The plot of “Flamin’ Hot” is centered around the life story of Richard Montañez, a former janitor with Frito-Lay who rose to the position of sales executive due to his invention of the popular Cheetos snack. At least that’s the yarn he spins. Actress and TV personality Eva Longoria pushed to make her debut as director of the film because, “I need to tell people what Chicano is.”
Longoria helped assemble a majority Hispanic cast that includes the talented Jesse Garcia (Quinceañera, The Avengers) in the leading role as Montañez. Bobby Soto (The Tax Collector, Narcos: Mexico) is Richard’s sidekick fellow employee, while stand-up comedian/TV veteran Emilio Rivera (NYPD Blue, Law and Order) plays Vacho, Richard’s immigrant father. Also in the mix are child actors Brice Gonzalez (Lopez vs. Lopez) and Carlos Solorzano Jr. (The Black Demon). The kids are hilarious who wildly approve the product taste test, and the film itself provides continuous comical entertainment. Yet despite some of its critics, the movie gives you that warm fuzzy feeling of accomplishment, like somebody who hit a home run against all odds.

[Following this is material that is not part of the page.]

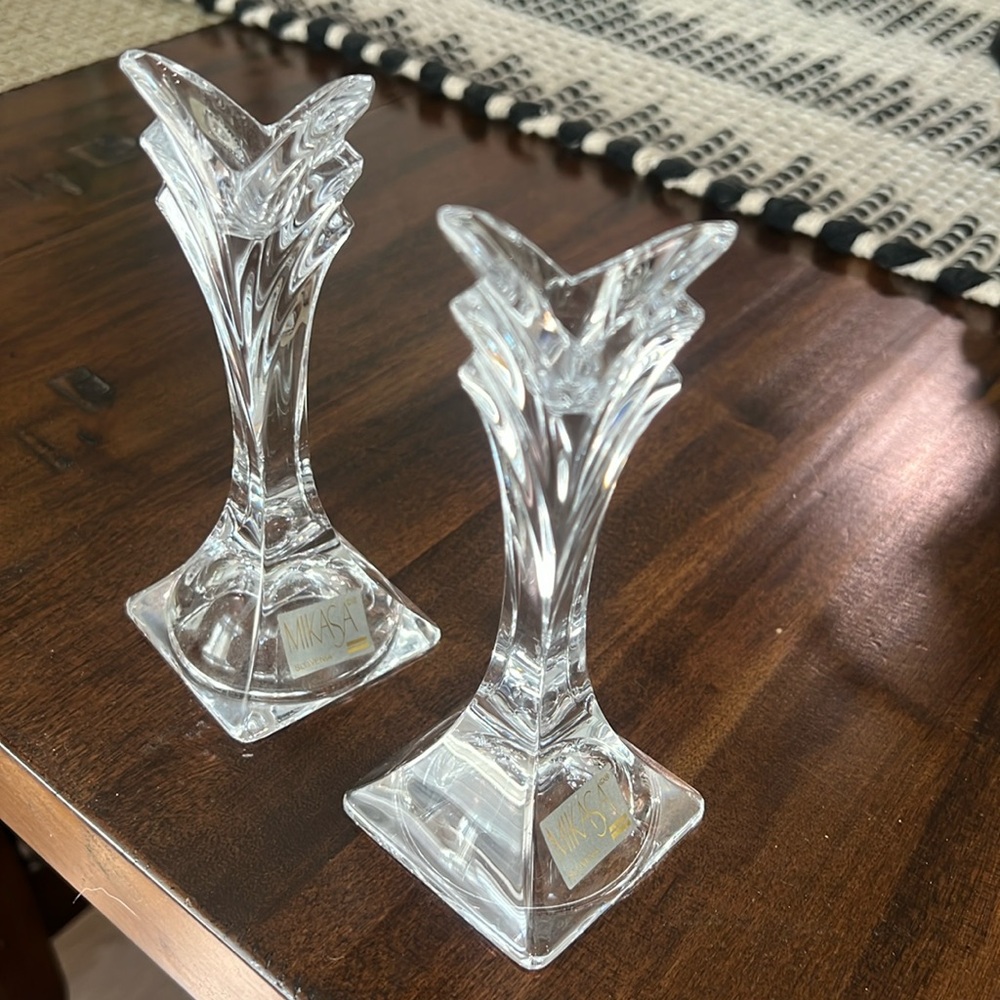 MIKASA ART DECO STYLE SLOVENIA CRYSTAL TAPERS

It all started out with an idea Montañez had to spice some of Frito-Lay snacks, Mexican style. As the story goes, Richard brought home a garbage bag full of bland tortilla chips and his wife Judy (Annie Gonzalez) turned their kitchen into a test station. A bunch of tomatoes, onions, chiles and chile powder later, Montanez knew he had a winning recipe and cold called company big shot Roger Enrico, who headed up parent company Pepsi-Co in 1991. That’s when the waters get muddy. Frito-Lay claims that the hot Cheetos were test marketed months earlier in three mid-western states. But the company later admitted that Montañez was instrumental in product development for Frito-Lay’s subsidiary Saborsitas, which makes Flamin’ Hot popcorn plus Lime and Flamin’ Hot Fritos. And by all accounts, Montañez, now retired after 40 years with Frito-Lay and Pepsi-Co, is considered the godfather of Hispanic marketing.
“The film was never about the story of Cheetos,” says director Longoria. “It was the story of Richard Montañez from his point of view.”